• What to do
In the entries below, find the line with "A picture of" and the line with "Menú de parrilla."; give again those lines and every line between them, exactly.

• Supplied material

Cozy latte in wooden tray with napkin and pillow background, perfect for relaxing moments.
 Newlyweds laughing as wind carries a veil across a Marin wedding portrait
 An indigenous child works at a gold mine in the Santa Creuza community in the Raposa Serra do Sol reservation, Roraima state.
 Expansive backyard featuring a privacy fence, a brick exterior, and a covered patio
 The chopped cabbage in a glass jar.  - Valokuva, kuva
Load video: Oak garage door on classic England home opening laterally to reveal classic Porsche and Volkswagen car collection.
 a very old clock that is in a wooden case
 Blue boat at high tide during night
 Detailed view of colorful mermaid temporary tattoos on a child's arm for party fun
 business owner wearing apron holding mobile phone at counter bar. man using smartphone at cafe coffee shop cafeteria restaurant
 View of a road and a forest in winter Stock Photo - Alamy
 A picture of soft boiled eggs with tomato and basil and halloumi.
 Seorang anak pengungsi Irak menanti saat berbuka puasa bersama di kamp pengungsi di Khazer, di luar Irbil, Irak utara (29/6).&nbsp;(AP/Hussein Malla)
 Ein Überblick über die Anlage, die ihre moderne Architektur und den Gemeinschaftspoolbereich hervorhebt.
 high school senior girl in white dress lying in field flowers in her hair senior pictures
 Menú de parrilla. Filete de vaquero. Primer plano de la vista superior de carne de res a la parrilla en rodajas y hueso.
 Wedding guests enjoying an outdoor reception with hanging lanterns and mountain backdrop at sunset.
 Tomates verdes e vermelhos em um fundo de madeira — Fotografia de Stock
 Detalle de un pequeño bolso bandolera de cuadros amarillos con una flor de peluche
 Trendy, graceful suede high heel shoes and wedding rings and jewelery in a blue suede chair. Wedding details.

• Response box
 A picture of soft boiled eggs with tomato and basil and halloumi.
 Seorang anak pengungsi Irak menanti saat berbuka puasa bersama di kamp pengungsi di Khazer, di luar Irbil, Irak utara (29/6).&nbsp;(AP/Hussein Malla)
 Ein Überblick über die Anlage, die ihre moderne Architektur und den Gemeinschaftspoolbereich hervorhebt.
 high school senior girl in white dress lying in field flowers in her hair senior pictures
 Menú de parrilla. Filete de vaquero. Primer plano de la vista superior de carne de res a la parrilla en rodajas y hueso.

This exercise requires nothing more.